Вышли фарисеи, начали с Ним спорить и требовали от Него знамений с неба, искушая Его. (Мк. 8, 18.)
Требуют знамения, тотчас по умножении хлебов – величайшем знамении, когда народ «хотел нечаянно взять Его и сделать царем» Израиля, новым Иродом (Ио. 6, 15).
Иродовой закваски берегитесь (Мк. 8, 15.), —
скажет Господь ученикам.
Если не все фарисеи – «лицемеры», но есть между ними люди глубокой совести, то, может быть, эти не только Его искушают, но и сами искушаются Им: верят или могли бы поверить, что царство Божие так близко к Израилю, так возможно сейчас, как еще никогда; видят или могли бы увидеть восходящее над миром великое светило Конца; ждут со дня на день, что «явится знамение Сына человеческого на небе» (Мт. 24, 30), и готовы, вместе с народом, примкнуть к Иисусу, только бы Он открыто объявил Себя Мессией, согласился, чтоб Его сделали царем: вот почему и требуют, молят знамения с неба:[591]
Учитель, хотелось бы нам видеть от Тебя знамение. (Мт. 12, 38).

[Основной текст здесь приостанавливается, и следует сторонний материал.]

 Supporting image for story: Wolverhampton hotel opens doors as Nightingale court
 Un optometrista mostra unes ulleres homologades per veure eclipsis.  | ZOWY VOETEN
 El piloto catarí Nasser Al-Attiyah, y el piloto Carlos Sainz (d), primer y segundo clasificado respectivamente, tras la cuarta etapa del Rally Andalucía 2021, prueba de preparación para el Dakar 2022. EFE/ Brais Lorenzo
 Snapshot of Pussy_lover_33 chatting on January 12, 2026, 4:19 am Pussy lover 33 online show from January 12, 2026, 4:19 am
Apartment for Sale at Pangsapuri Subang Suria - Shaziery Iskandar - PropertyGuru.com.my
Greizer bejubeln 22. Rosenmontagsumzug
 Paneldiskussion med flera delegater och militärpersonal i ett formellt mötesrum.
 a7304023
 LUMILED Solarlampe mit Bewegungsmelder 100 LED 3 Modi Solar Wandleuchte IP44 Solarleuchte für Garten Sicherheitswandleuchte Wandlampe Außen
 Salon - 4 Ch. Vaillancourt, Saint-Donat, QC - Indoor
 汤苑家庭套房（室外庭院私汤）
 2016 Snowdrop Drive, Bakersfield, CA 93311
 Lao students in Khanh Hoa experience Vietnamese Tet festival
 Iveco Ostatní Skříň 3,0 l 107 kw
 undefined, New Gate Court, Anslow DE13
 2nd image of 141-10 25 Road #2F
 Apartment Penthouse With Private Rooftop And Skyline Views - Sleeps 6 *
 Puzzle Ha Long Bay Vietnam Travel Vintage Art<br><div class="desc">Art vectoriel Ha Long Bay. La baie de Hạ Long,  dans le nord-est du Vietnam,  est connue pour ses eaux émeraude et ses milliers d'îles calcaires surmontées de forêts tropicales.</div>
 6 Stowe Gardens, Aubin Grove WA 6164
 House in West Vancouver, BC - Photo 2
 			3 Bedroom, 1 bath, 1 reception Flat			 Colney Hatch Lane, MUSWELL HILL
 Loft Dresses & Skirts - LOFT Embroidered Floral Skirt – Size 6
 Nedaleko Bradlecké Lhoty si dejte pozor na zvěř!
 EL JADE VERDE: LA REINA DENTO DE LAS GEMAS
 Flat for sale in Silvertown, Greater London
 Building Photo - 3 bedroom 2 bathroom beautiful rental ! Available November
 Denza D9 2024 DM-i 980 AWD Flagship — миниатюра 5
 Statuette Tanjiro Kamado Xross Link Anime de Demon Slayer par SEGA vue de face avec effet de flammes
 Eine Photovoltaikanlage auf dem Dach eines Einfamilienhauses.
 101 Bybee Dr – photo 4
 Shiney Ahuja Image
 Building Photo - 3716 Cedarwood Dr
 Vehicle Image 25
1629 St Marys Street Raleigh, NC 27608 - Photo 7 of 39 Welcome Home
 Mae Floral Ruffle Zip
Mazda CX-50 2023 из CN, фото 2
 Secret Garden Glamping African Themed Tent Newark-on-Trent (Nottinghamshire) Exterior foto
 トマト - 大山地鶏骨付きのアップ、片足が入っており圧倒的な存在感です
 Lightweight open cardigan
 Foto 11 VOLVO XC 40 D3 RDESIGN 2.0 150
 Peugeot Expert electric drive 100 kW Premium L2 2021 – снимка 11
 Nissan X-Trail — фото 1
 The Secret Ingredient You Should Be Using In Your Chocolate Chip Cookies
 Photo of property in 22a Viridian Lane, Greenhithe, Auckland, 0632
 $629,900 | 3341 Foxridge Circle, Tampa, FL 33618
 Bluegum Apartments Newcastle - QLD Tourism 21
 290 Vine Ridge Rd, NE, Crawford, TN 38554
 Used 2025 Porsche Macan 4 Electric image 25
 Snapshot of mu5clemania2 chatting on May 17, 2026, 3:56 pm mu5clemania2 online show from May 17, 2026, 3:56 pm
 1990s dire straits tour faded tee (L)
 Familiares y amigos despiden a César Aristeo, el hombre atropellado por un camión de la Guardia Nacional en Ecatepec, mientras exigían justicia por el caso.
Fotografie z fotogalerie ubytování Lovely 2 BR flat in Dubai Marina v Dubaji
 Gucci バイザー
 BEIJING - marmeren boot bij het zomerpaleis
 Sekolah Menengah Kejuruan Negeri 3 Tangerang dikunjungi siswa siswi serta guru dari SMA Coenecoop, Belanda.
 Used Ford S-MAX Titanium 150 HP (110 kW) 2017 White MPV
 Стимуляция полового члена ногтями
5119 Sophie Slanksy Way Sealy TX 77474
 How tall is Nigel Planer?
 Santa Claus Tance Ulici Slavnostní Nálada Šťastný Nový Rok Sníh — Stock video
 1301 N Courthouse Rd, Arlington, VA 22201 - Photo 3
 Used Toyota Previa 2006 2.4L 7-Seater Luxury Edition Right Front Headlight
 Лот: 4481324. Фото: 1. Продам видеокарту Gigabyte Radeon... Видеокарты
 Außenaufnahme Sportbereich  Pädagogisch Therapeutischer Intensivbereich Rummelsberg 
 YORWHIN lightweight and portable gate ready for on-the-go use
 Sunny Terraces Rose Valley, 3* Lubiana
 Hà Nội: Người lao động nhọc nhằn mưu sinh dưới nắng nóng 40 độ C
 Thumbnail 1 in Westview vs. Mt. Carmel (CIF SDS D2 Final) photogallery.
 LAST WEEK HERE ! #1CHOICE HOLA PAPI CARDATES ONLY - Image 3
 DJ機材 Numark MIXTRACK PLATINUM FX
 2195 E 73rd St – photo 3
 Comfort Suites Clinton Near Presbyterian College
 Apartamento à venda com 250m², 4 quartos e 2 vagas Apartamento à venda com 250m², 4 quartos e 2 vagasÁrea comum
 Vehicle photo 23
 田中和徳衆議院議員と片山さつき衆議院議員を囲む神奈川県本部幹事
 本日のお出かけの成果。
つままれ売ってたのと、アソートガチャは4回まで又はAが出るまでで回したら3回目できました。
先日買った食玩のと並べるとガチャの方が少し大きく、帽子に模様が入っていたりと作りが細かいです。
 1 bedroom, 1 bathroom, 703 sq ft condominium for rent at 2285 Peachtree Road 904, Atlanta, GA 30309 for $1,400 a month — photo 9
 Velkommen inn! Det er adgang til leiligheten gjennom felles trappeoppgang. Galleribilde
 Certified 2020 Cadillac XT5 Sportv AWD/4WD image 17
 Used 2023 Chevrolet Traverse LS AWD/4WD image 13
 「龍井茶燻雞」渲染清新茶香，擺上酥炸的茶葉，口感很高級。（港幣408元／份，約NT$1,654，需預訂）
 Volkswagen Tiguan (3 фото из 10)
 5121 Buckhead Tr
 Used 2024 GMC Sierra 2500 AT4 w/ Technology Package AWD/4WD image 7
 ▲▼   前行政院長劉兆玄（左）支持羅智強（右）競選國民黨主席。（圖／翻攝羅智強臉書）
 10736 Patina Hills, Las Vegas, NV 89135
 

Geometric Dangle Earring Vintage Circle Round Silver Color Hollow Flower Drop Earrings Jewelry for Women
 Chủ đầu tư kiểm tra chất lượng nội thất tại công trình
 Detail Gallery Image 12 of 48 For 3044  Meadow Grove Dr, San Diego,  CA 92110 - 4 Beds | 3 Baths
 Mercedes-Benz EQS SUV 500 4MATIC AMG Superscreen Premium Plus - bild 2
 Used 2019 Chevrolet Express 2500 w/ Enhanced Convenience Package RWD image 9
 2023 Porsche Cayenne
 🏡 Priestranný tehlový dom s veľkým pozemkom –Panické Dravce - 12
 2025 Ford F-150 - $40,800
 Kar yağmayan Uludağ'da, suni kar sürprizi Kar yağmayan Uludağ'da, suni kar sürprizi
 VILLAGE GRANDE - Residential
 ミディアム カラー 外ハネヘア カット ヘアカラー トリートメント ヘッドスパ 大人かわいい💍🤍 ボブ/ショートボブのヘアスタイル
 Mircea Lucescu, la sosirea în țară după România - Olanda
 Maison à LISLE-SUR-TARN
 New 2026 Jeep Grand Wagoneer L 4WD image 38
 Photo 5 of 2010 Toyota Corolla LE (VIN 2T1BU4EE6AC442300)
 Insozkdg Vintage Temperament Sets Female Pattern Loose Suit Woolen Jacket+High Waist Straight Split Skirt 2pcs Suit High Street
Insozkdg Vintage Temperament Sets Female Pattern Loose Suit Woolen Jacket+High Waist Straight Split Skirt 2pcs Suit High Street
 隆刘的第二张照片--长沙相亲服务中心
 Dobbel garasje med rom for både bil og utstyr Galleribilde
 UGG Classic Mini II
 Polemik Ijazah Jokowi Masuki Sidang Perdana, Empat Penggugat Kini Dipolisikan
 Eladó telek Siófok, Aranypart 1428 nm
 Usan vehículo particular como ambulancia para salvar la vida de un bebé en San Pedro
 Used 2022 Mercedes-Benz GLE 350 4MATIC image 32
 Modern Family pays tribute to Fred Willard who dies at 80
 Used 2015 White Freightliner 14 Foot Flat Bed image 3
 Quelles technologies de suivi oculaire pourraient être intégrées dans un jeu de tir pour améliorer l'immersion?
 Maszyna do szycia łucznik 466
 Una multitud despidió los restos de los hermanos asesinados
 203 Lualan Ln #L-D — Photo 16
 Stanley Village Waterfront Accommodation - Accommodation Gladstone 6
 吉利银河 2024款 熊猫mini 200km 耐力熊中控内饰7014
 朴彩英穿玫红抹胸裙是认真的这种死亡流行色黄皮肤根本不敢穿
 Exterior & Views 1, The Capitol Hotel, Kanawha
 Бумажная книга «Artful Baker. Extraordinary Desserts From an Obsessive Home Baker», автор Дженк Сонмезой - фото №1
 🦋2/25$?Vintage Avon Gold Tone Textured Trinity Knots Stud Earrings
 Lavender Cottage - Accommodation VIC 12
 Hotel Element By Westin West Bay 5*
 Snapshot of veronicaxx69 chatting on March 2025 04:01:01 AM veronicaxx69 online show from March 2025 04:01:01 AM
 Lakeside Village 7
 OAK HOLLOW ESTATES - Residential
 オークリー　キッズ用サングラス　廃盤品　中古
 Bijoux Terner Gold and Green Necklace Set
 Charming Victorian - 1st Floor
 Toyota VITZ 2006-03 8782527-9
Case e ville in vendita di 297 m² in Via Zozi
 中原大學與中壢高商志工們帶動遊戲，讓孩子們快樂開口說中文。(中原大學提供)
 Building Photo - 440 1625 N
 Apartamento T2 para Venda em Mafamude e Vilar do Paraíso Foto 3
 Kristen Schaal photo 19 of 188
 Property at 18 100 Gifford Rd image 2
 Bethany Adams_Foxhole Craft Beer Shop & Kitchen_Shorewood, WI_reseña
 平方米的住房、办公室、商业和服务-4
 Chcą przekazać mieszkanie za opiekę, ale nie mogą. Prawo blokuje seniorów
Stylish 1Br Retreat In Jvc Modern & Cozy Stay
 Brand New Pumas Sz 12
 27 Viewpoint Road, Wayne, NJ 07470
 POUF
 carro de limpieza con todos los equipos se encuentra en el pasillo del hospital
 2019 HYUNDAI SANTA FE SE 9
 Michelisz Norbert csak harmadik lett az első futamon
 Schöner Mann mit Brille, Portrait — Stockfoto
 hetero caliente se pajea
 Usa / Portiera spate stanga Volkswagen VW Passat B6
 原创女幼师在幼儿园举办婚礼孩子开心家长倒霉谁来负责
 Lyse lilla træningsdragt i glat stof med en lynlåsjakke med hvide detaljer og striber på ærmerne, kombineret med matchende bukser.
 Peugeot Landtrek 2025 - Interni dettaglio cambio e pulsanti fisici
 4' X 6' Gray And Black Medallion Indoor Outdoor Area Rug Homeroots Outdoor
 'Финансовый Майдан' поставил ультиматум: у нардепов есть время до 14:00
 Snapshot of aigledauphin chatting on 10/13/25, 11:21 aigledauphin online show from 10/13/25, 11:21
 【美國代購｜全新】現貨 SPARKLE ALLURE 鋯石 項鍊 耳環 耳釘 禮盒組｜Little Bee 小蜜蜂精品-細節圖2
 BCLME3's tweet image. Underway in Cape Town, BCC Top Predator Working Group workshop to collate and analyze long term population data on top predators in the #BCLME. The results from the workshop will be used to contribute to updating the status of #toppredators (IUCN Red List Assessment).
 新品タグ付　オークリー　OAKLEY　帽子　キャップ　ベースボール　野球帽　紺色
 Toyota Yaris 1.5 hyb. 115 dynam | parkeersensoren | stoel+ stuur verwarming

Если так, то никогда еще не было сильнее, чем в эту минуту, искушение дьявола Царством:
все это дам Тебе, если, падши, поклонишься мне. (Мт. 4, 9) И Он, простонав в духе Своем,
, сказал: для чего род сей требует знамения? Истинно говорю вам: не дастся роду сему знамение. (Мк. 8, 13.)
Этот затаенный, тихий, может быть, только одним очевидцем Петром подслушанный, стон открывает нам такую глубину сердца Господня, что страшно в нее заглянуть. Кажется, к самому больному месту его – никогда не заживающей ране, прикоснулись фарисеи нечаянно. Думают, что царство Божие все еще близко, а Он знает, что оно уже далеко; думают, что великое светило Конца все еще восходит над миром, а Он знает, что уже заходит. Только что все колебалось, как на острие ножа, и могло упасть в ту или другую сторону, и вот упало; царство Божие могло наступить, и не наступило, потому что люди не захотели его так, как хотел Он: царство Божие прошло мимо человечества, как чаша мимо уст.
Знамение с неба – чудо – не дастся людям, потому что уже было дано и не было принято.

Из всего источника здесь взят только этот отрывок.